And then the show starts.
The Raconteurs live
24.03.2006, 14:55, Text:
Nicholas Tucker
23.03.06 - London, The Astoria
Okay, I'm going to admit to you all right up front that there's a certain disadvantage to reviewing a Raconteurs gig just now. That disadvantage being that no-one's actually heard more than two of their songs. Those two songs being Steady As She Goes and Store Bought Bones -- leaked to us by fiendish, taste-shaping radio executives and spectacled internet wonks alike. The rest... well let's just put it this way, unless you happen to be a fantastically resourceful music journalist you'd pretty much have to guess. I should also point out at this stage that I'm not a fantastically resourceful music journalist.
There is, of course a palpable excitement in the air tonight. Despite the low-key nature of the venue - London's small, proudly shabby and frankly dilapidated Astoria - this is no ordinary first outing for a nascent band finding its way. This is Jack-White-of-the-White-Stripes-new-band. Even before I'm properly inside I pass a couple dithering over whether to watch upstairs or downstairs. Heading upstairs the man says, \\\\"It's going to be too much excitement, whatever happens.\\\\" This might be stretching it a bit, I think, until the girl standing next to me faints before the show even starts.

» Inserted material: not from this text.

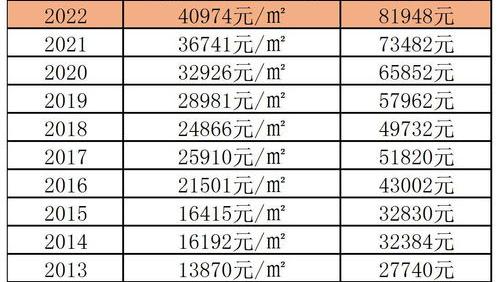 房产税怎征收 房产税怎么征收标准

And then the show starts. And the band launch into a blistering version of what can only be described as, Not One Of The Songs I Or Anyone Else Actually Knows. But that's okay because the song feels like a born classic, with Jack and Brendan Benson's voices mimicking the chugging riff before the whole number quickly burns into an all-out assault on the Astoria's ageing sound system. And the songs that follow don't let up - with the exception of a couple of gentler, more acoustic-based tracks obviously penned by the more melodic Brendan Benson. It quickly becomes apparent that The Raconteurs are not the result of Jack White's ego, his need to be seen as more than just The White Stripes. Nor are they a Sunday afternoon knockabout like The Travelling Wilburys. If anything The Raconteurs are closer to Cream, a 'supergroup' assembled from a ragtag of kindred Detroit spirits. The Greenhornes' Jack Lawrence (bass) and Patrick Keeler (drums) lend a depth and charge to Jack and Brendan's collaborative songwriting. Together their incandescently fierce garage rock wall of sound channels any number of musical ghosts out of the bruised PA: from the heavy power of Seventies groups like Stooges and Zeppelin to the garage punk influence of bands like The Gun Club. In fact, one of the songs I could actually name was a blisteringly bluesy version of Love's A House Is Not A Motel, which Jack ripped into with the kind of frantic, darkly lowering energy that would have seen him politely asked to leave the Sixties for terrifying the hippies and turning the acid bad.
However that isn't to say that The Raconteurs aren't their own band -- or even a fleshed out version of The White Stripes. They just meld their influences into a raucous house party of some of the fiercest garage rock on offer. This journalist's only regret was the impossible task of tracking down a set-list. They were on stage for exactly one hour. I'm pretty sure they played the whole album.